### TO DO
Print every line below without adding or leaving out a single word.

====== INFORMATION SHOWN

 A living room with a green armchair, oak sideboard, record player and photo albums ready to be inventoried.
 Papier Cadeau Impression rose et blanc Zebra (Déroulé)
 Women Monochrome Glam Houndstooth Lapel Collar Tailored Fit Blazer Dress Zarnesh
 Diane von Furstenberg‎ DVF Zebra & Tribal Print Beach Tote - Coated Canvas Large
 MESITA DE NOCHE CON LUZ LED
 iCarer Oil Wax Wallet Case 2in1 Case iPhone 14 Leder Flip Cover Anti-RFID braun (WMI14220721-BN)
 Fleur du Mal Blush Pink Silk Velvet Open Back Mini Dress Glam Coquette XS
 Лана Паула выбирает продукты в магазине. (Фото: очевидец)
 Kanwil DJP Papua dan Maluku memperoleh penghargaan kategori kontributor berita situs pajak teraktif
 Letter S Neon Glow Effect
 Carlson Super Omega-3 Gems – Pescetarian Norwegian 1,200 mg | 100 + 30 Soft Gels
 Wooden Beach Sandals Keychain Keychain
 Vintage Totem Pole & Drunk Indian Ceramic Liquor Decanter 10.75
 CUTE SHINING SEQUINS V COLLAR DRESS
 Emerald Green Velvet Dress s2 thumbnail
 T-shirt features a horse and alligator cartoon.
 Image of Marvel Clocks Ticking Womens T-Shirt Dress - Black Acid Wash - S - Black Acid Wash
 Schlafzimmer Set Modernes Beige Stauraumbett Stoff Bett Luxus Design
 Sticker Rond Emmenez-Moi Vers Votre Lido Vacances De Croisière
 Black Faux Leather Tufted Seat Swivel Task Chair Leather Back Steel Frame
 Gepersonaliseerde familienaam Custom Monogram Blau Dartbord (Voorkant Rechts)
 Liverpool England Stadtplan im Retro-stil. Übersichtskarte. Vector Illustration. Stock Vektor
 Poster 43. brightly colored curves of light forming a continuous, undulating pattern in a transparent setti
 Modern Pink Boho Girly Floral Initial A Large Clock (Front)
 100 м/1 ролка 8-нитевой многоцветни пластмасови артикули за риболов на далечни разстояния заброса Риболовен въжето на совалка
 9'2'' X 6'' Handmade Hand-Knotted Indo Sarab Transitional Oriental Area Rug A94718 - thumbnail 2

============

### REPLY
 A living room with a green armchair, oak sideboard, record player and photo albums ready to be inventoried.
 Papier Cadeau Impression rose et blanc Zebra (Déroulé)
 Women Monochrome Glam Houndstooth Lapel Collar Tailored Fit Blazer Dress Zarnesh
 Diane von Furstenberg‎ DVF Zebra & Tribal Print Beach Tote - Coated Canvas Large
 MESITA DE NOCHE CON LUZ LED
 iCarer Oil Wax Wallet Case 2in1 Case iPhone 14 Leder Flip Cover Anti-RFID braun (WMI14220721-BN)
 Fleur du Mal Blush Pink Silk Velvet Open Back Mini Dress Glam Coquette XS
 Лана Паула выбирает продукты в магазине. (Фото: очевидец)
 Kanwil DJP Papua dan Maluku memperoleh penghargaan kategori kontributor berita situs pajak teraktif
 Letter S Neon Glow Effect
 Carlson Super Omega-3 Gems – Pescetarian Norwegian 1,200 mg | 100 + 30 Soft Gels
 Wooden Beach Sandals Keychain Keychain
 Vintage Totem Pole & Drunk Indian Ceramic Liquor Decanter 10.75
 CUTE SHINING SEQUINS V COLLAR DRESS
 Emerald Green Velvet Dress s2 thumbnail
 T-shirt features a horse and alligator cartoon.
 Image of Marvel Clocks Ticking Womens T-Shirt Dress - Black Acid Wash - S - Black Acid Wash
 Schlafzimmer Set Modernes Beige Stauraumbett Stoff Bett Luxus Design
 Sticker Rond Emmenez-Moi Vers Votre Lido Vacances De Croisière
 Black Faux Leather Tufted Seat Swivel Task Chair Leather Back Steel Frame
 Gepersonaliseerde familienaam Custom Monogram Blau Dartbord (Voorkant Rechts)
 Liverpool England Stadtplan im Retro-stil. Übersichtskarte. Vector Illustration. Stock Vektor
 Poster 43. brightly colored curves of light forming a continuous, undulating pattern in a transparent setti
 Modern Pink Boho Girly Floral Initial A Large Clock (Front)
 100 м/1 ролка 8-нитевой многоцветни пластмасови артикули за риболов на далечни разстояния заброса Риболовен въжето на совалка
 9'2'' X 6'' Handmade Hand-Knotted Indo Sarab Transitional Oriental Area Rug A94718 - thumbnail 2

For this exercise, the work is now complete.